Following my brother’s death, family and friends of Kurt started asking “what if?”. What if we had reached out to him more in the last 6 hours of his life, the last 6 months, the last 6 years? What if he had been given better medical attention? What if he received more attention in school? What if the social service system was better? What if medical research was better? What if authority figures in his life had been harder on him? What if they had been kinder? What if he had stayed away from heroin, from Vicodin, from alcohol, from Ritalin? What if he found the right drug to more sustainably ease his condition?

We were not just trying impossibly to reverse time, to come up with a way that Kurt would no longer be dead. We were trying to learn something. Almost worse than Kurt’s death itself was the notion that Kurt’s life might have been in vain. We must, it felt, come up with the lesson of Kurt’s life and come up with it right away.

In time, I became aware of all those who were together wrestling with meaning of Kurt’s life and death: there were professors of philosophy and heroin addicts, church choir directors and rock band drummers, social workers and bankers, Evangelicals and Theosophists, parents and children, Quakers and Buddhists, young and old, those who had experienced similar losses and those who had experienced nothing like this before. In our openly asking together the utterly important, but utterly answerable question of Kurt, I experienced community: the community of Kurt’s family and friends, of my family and friends.

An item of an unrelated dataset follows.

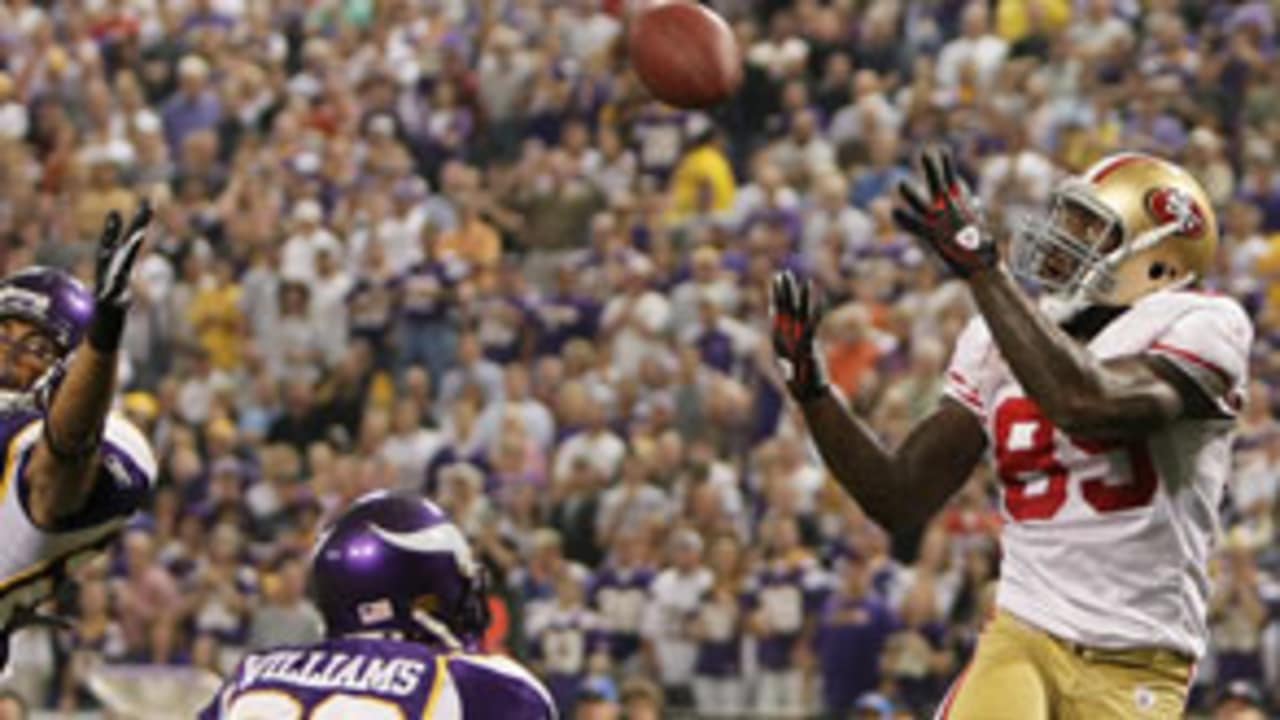 2009 Brett Favre To Greg Lewis Back of the End Zone Game-Winning TD, Vikings vs. 49ers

Back at the beginning of this thesis I quoted the parable of the Good Samaritan. In this parable, a priest and a Levite—the professional do-gooders of the day, those who had codified in law exactly what good was—passed the man in need by. The Samaritan, sworn enemy to the Israelites, stopped to help. When Jesus asked his expert-in-the-law interlocutor who the man’s neighbor was the expert replied, “the one who showed mercy on him.” The parable pushes us toward the realization that neighbors, communities are created not by ethnicity, nor by proximity, nor by the goodness of any particular member, but by those we choose to show care to.

Wrestling with my brother’s suicide brought no final conclusions, no stable truths. But it did bring to me an awareness of those whose care supports me and who I try to support in turn. The community is the only lesson to learn.